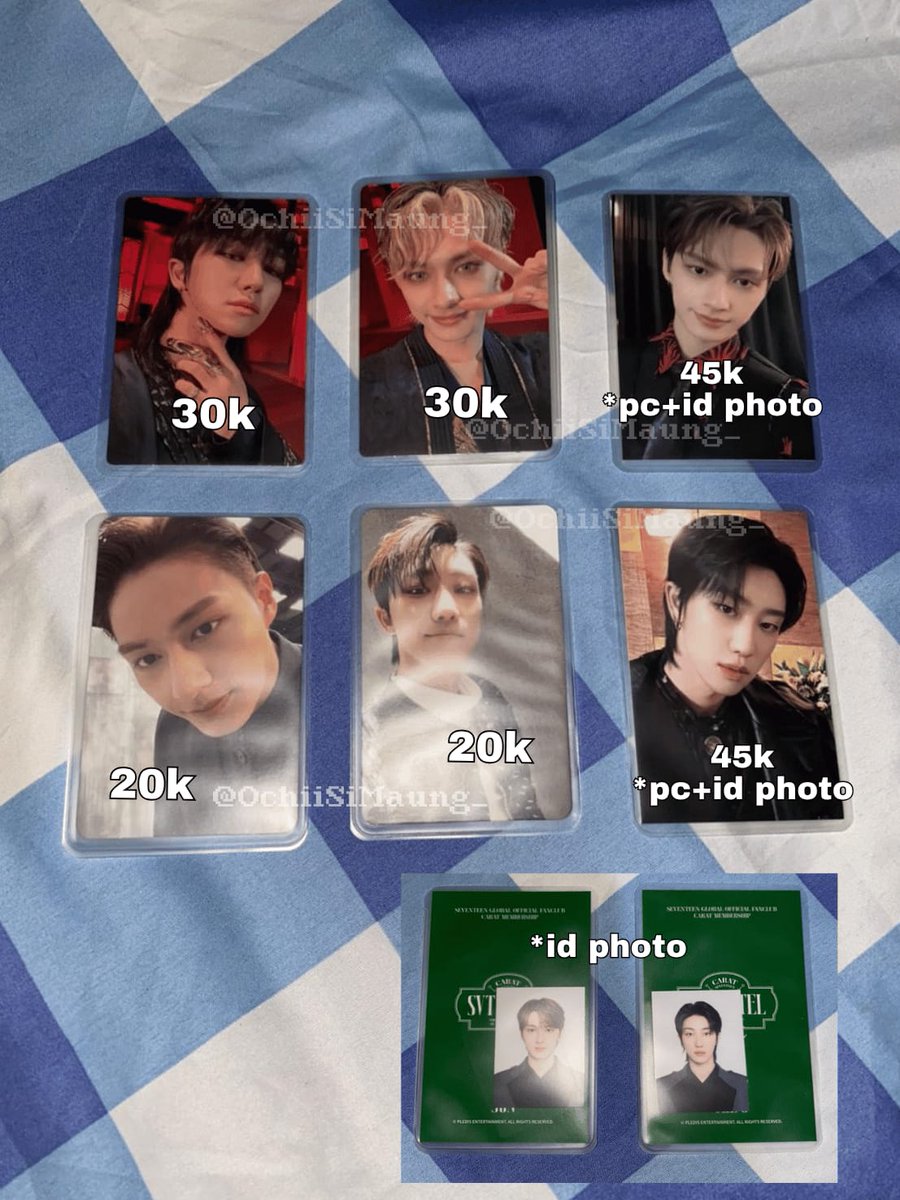 OchiiSiMaung_'s tweet photo. WTS, Want To Sell 

📷Condi??? dm
📍Purwokerto 
🍊Co by Oren
❌exc adm &amp; pack
📦Bisa COD jika satu dom

Dijual murah aja guys, karena temenku stop collect.
Note: harga jangan dijadiin patokan🙏🏻

Clearance, BTS, Xdinary Heroes, Seventeen, Enhypen, Straykids, 8turn, Xikers, Cravity https://t.co/lqR8MQ4Ihm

------------------------------

TASK TO CARRY OUT:
Quote the data exactly, leaving every image out of the copy.

FINISHED EXERCISE:
 OchiiSiMaung_'s tweet photo. WTS, Want To Sell 

📷Condi??? dm
📍Purwokerto 
🍊Co by Oren
❌exc adm &amp; pack
📦Bisa COD jika satu dom

Dijual murah aja guys, karena temenku stop collect.
Note: harga jangan dijadiin patokan🙏🏻

Clearance, BTS, Xdinary Heroes, Seventeen, Enhypen, Straykids, 8turn, Xikers, Cravity https://t.co/lqR8MQ4Ihm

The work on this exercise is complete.